**INSTRUCTIONS FOR THE TASK**
Reproduce exactly, and only, the lines of the material below running from the line bearing "Developing trays under" through the line bearing "Glass globe pendant". Leave any pictures out.

**INPUT FOR THIS TASK**
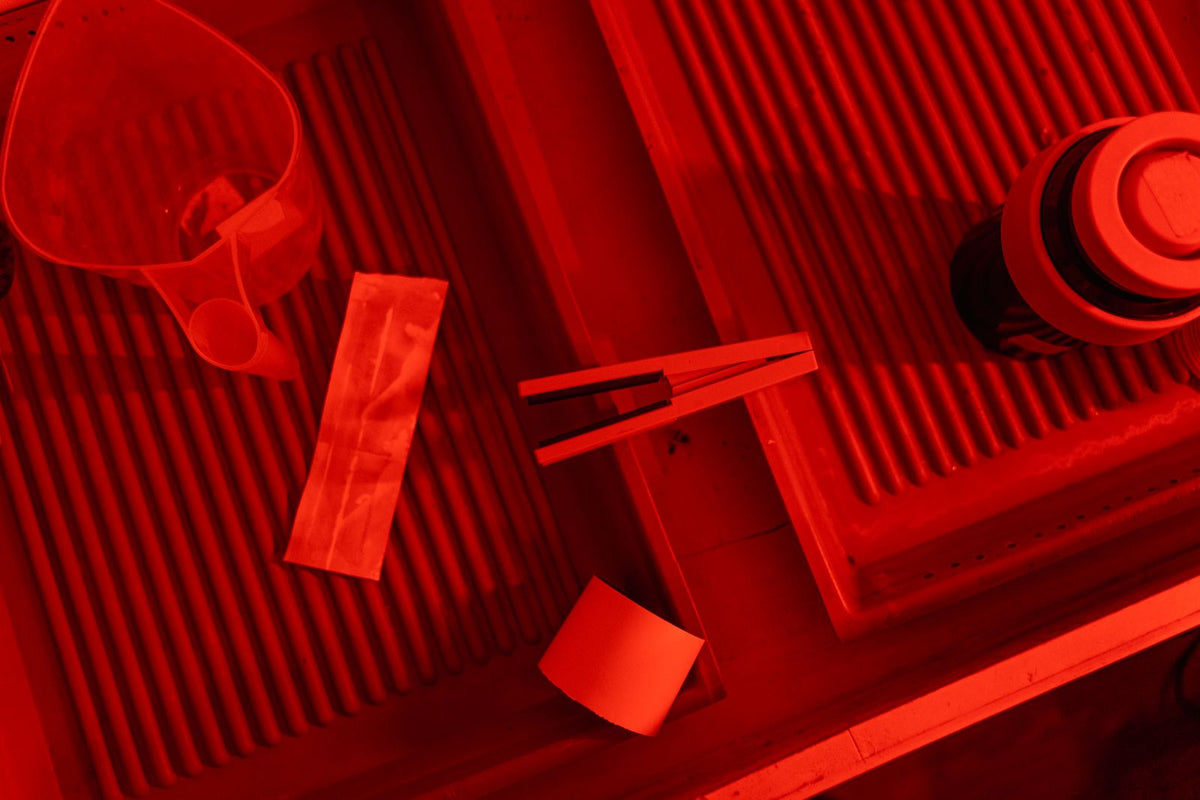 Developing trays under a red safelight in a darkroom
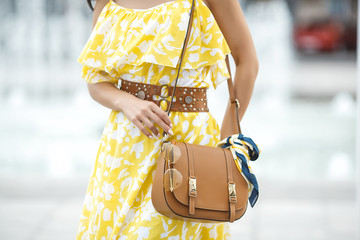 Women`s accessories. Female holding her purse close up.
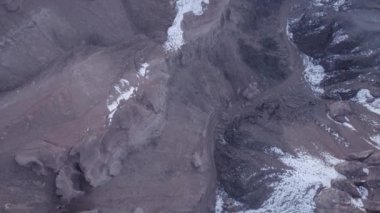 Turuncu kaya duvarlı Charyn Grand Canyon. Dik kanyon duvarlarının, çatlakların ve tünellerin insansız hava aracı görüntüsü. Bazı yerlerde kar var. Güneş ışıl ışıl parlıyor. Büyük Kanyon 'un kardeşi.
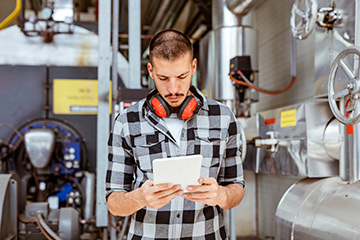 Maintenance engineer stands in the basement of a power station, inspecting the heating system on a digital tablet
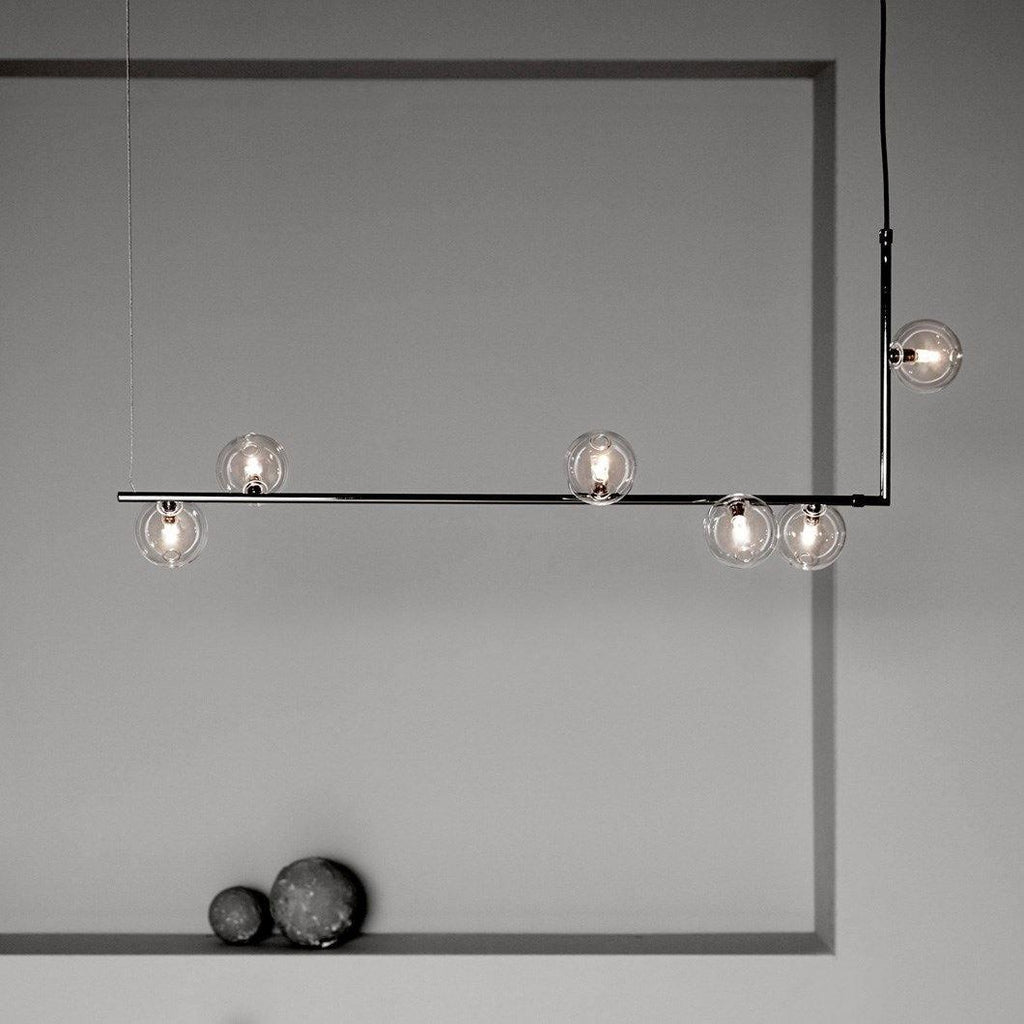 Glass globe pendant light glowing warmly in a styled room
---
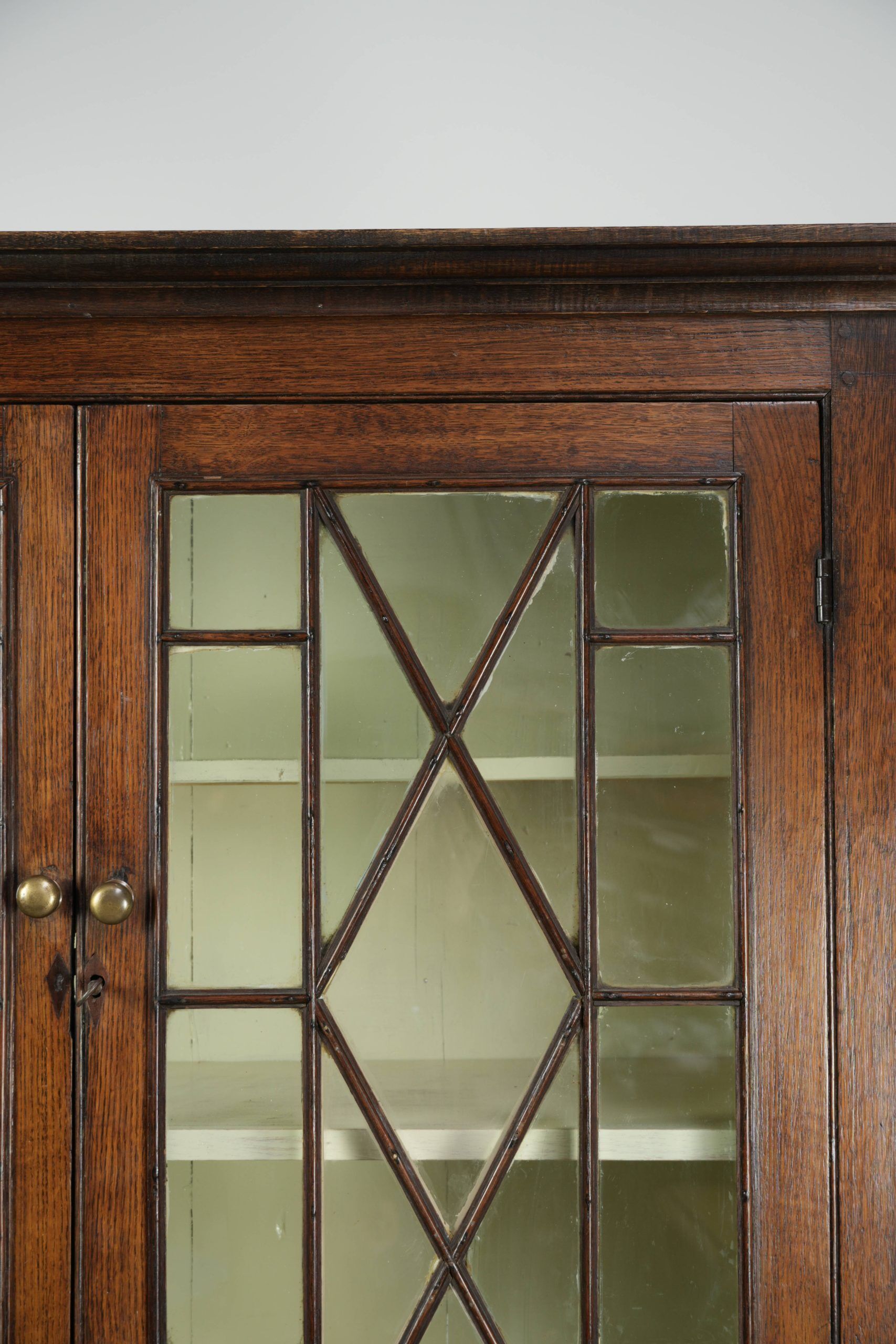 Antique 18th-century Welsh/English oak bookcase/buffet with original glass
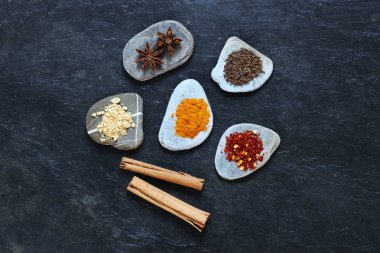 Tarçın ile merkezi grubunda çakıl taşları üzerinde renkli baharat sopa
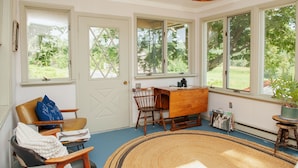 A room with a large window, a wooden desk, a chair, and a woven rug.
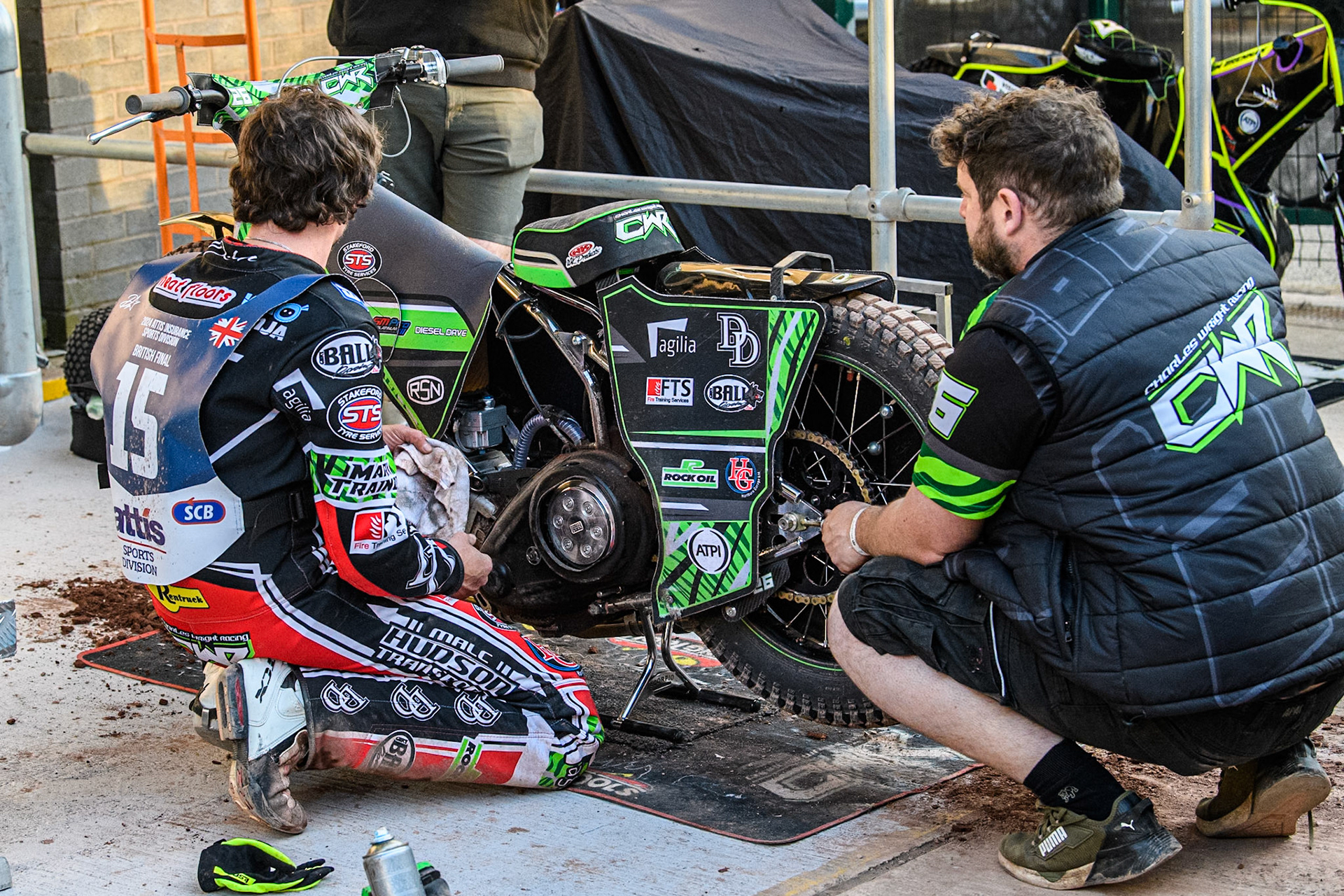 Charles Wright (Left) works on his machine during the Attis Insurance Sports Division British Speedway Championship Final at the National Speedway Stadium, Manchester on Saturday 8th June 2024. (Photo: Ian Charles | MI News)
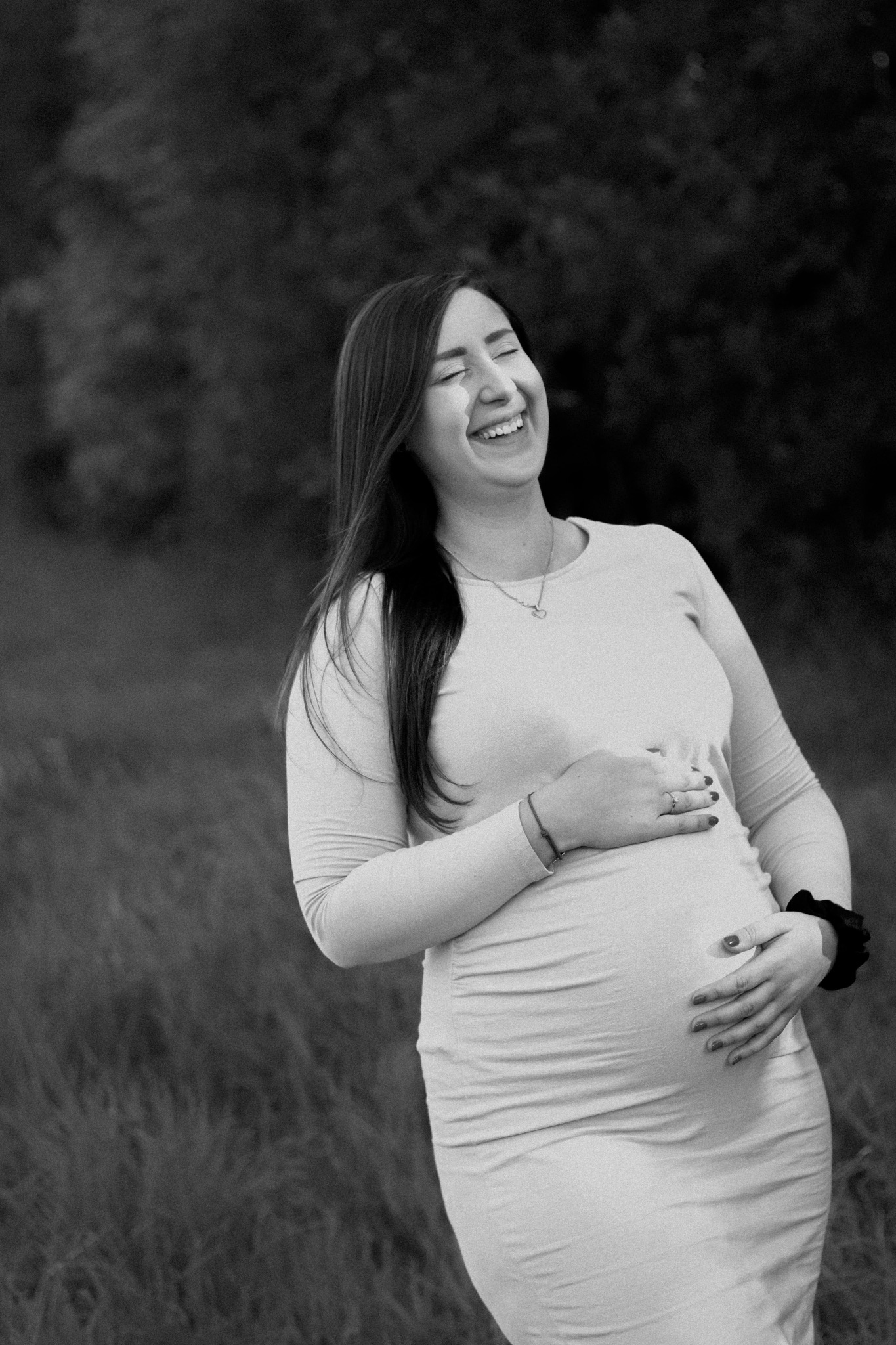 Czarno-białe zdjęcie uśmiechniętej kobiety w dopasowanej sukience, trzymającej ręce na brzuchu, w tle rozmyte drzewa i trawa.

**YOUR RESPONSE**
 Developing trays under a red safelight in a darkroom
 Women`s accessories. Female holding her purse close up.
 Turuncu kaya duvarlı Charyn Grand Canyon. Dik kanyon duvarlarının, çatlakların ve tünellerin insansız hava aracı görüntüsü. Bazı yerlerde kar var. Güneş ışıl ışıl parlıyor. Büyük Kanyon 'un kardeşi.
 Maintenance engineer stands in the basement of a power station, inspecting the heating system on a digital tablet
 Glass globe pendant light glowing warmly in a styled room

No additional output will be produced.